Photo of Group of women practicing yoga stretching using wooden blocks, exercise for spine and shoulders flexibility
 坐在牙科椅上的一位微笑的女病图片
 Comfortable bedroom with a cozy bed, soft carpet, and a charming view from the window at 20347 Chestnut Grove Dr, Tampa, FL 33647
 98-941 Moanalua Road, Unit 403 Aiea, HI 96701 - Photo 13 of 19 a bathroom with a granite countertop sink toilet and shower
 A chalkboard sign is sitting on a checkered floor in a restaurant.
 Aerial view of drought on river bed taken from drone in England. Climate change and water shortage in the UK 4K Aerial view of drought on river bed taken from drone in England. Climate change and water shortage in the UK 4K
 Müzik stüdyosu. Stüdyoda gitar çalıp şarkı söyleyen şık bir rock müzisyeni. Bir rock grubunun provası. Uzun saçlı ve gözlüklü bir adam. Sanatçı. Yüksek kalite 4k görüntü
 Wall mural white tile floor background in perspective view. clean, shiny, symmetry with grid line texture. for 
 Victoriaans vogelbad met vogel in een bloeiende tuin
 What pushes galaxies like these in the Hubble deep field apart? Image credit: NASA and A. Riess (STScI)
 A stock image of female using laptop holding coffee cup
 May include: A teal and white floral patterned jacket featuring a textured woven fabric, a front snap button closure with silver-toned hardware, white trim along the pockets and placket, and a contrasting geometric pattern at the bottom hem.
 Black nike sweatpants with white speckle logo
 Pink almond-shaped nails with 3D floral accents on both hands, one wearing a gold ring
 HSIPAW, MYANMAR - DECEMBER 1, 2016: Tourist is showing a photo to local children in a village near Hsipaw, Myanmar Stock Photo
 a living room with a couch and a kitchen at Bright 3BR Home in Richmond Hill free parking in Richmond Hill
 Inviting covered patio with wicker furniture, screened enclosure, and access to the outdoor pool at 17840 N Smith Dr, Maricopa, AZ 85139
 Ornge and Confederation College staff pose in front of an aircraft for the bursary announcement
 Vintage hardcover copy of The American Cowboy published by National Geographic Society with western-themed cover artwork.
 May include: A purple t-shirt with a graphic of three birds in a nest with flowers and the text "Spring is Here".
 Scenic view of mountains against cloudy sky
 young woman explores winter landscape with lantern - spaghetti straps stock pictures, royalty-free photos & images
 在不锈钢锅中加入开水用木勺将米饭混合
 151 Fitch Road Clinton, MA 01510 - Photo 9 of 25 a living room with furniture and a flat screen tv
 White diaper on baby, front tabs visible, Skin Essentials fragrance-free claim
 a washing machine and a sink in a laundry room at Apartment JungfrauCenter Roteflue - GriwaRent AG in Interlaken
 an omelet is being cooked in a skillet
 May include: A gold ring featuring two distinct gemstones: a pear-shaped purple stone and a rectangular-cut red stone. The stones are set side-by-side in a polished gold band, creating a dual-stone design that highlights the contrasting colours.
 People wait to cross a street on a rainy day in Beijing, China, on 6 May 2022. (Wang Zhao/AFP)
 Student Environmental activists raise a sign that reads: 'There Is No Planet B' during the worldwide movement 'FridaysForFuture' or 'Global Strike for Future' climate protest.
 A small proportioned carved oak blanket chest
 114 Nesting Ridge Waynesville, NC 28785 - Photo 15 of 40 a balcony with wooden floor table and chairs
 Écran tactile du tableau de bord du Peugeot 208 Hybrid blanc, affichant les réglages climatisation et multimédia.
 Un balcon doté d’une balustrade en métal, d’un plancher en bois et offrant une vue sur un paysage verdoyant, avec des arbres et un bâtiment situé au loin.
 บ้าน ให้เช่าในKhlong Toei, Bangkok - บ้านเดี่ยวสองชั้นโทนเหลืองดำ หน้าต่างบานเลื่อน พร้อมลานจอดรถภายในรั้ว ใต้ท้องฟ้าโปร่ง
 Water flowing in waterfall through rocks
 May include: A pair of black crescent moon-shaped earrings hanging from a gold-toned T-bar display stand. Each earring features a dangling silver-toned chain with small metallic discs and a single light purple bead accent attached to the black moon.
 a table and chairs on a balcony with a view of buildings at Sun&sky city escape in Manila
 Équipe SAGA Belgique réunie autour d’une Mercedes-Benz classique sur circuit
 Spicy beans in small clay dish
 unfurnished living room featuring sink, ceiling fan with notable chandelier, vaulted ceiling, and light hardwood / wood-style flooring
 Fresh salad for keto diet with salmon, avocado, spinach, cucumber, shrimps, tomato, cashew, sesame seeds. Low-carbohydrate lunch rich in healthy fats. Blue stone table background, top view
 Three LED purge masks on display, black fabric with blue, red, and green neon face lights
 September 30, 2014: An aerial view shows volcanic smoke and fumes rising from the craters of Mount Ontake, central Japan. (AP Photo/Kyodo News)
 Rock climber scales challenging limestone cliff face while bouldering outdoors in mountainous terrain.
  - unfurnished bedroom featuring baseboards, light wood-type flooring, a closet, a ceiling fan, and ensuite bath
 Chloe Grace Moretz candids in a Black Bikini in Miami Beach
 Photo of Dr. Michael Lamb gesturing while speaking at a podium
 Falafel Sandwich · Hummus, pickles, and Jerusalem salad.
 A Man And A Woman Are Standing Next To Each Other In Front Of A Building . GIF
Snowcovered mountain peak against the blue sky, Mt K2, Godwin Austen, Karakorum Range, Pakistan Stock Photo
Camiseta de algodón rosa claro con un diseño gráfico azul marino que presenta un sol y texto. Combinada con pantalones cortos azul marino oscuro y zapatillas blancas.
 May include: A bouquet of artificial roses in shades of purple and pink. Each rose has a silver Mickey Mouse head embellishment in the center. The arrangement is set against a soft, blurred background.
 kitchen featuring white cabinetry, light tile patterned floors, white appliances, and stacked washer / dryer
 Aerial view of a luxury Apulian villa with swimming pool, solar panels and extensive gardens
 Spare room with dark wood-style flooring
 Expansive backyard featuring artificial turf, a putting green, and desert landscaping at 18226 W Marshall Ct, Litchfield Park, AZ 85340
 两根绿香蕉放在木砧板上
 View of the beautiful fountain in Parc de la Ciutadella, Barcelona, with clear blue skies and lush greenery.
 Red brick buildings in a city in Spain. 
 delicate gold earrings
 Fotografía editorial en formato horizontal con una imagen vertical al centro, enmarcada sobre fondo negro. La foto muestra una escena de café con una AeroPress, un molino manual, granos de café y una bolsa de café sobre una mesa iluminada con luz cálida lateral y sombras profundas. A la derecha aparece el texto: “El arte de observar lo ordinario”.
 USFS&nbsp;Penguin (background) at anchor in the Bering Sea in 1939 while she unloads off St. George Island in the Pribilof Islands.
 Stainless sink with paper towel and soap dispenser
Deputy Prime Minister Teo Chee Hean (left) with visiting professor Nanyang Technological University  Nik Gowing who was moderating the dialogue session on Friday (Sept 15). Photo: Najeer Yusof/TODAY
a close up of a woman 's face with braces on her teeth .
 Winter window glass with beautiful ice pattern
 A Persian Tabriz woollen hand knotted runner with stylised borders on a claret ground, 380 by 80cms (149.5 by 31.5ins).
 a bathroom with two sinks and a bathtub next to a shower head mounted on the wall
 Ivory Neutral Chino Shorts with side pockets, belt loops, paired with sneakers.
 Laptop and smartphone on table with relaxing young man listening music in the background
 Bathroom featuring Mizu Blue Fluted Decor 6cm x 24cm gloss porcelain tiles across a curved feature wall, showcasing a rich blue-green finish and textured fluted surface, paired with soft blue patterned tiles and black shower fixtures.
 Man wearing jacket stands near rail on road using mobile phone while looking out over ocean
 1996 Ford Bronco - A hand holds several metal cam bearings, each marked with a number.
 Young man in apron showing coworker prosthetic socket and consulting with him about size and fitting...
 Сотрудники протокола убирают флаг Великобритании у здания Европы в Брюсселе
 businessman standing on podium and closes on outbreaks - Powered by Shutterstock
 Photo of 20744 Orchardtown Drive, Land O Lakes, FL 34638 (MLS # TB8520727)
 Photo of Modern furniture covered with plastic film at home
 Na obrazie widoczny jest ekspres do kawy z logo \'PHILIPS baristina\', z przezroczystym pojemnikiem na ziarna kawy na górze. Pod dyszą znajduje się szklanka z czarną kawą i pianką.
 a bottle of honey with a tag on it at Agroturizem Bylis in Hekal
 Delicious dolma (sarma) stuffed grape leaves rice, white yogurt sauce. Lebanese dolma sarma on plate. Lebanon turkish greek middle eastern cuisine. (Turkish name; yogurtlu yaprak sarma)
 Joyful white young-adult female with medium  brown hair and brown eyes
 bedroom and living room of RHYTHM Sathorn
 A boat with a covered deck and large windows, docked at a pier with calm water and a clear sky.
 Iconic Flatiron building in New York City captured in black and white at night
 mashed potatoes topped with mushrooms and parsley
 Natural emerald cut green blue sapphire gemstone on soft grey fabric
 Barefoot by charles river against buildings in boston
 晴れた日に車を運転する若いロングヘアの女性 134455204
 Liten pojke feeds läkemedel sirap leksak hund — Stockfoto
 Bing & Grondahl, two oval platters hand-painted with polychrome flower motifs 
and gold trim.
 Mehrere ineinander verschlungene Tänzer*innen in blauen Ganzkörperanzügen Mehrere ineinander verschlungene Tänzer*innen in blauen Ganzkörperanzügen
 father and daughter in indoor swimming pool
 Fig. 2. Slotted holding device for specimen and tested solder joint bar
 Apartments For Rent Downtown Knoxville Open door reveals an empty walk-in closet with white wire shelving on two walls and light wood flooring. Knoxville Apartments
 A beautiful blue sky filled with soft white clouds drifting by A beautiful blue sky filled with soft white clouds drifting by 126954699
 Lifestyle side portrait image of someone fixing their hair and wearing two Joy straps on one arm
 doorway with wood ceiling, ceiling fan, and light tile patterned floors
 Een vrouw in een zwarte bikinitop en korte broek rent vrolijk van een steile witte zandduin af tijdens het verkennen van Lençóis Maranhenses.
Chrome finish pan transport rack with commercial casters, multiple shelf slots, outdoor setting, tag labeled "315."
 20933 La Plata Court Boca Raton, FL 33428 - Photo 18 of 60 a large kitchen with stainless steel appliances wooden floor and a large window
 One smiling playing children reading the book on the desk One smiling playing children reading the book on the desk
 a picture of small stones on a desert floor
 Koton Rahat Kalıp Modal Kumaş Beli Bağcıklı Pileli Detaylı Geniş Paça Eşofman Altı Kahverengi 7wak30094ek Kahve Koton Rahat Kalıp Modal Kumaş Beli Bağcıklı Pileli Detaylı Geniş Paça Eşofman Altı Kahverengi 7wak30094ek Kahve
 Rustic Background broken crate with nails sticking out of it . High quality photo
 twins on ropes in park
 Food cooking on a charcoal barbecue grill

__EXERCISE DESCRIPTION__
Track down every line in the entries that includes the string "flooring", and copy it.

__RESPONSE AREA__
 unfurnished living room featuring sink, ceiling fan with notable chandelier, vaulted ceiling, and light hardwood / wood-style flooring
  - unfurnished bedroom featuring baseboards, light wood-type flooring, a closet, a ceiling fan, and ensuite bath
 Spare room with dark wood-style flooring
 Apartments For Rent Downtown Knoxville Open door reveals an empty walk-in closet with white wire shelving on two walls and light wood flooring. Knoxville Apartments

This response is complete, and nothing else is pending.